(What to produce):
Please print the entries below exactly, from the line with "KNDPBCAC2G7864696 2016 KIA" through the line with "Annecy – Élégant", including both of those lines and leaving out all others.

(Records for the exercise):
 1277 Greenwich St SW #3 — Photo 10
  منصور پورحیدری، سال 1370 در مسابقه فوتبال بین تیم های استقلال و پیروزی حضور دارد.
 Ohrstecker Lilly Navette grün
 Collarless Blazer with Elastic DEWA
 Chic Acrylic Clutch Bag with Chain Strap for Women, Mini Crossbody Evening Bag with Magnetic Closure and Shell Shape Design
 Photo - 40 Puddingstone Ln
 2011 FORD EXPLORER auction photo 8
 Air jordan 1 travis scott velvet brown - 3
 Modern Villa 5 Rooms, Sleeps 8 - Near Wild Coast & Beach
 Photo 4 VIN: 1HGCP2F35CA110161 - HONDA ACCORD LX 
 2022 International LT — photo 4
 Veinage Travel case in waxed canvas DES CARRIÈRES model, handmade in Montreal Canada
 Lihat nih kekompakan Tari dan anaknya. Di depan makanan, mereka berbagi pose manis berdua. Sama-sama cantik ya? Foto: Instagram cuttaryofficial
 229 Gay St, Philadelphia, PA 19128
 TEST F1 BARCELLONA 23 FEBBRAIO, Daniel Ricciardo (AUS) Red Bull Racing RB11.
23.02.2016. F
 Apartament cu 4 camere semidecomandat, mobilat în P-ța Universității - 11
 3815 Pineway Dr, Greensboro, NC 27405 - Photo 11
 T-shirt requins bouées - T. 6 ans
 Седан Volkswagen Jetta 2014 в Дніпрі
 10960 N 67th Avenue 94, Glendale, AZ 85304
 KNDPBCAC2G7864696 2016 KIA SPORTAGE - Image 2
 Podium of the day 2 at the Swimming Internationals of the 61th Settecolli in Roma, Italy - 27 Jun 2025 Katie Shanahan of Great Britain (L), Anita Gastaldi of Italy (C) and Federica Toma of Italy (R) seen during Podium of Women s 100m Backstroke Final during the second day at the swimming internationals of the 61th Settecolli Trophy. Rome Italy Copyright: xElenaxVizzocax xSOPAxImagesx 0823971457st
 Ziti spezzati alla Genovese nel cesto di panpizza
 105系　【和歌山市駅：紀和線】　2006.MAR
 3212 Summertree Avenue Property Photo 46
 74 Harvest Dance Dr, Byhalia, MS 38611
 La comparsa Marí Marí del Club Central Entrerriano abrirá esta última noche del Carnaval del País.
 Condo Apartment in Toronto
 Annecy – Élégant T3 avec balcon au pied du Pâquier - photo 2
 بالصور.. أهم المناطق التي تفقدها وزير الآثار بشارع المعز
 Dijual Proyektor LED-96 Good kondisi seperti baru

(Written reply):
 KNDPBCAC2G7864696 2016 KIA SPORTAGE - Image 2
 Podium of the day 2 at the Swimming Internationals of the 61th Settecolli in Roma, Italy - 27 Jun 2025 Katie Shanahan of Great Britain (L), Anita Gastaldi of Italy (C) and Federica Toma of Italy (R) seen during Podium of Women s 100m Backstroke Final during the second day at the swimming internationals of the 61th Settecolli Trophy. Rome Italy Copyright: xElenaxVizzocax xSOPAxImagesx 0823971457st
 Ziti spezzati alla Genovese nel cesto di panpizza
 105系　【和歌山市駅：紀和線】　2006.MAR
 3212 Summertree Avenue Property Photo 46
 74 Harvest Dance Dr, Byhalia, MS 38611
 La comparsa Marí Marí del Club Central Entrerriano abrirá esta última noche del Carnaval del País.
 Condo Apartment in Toronto
 Annecy – Élégant T3 avec balcon au pied du Pâquier - photo 2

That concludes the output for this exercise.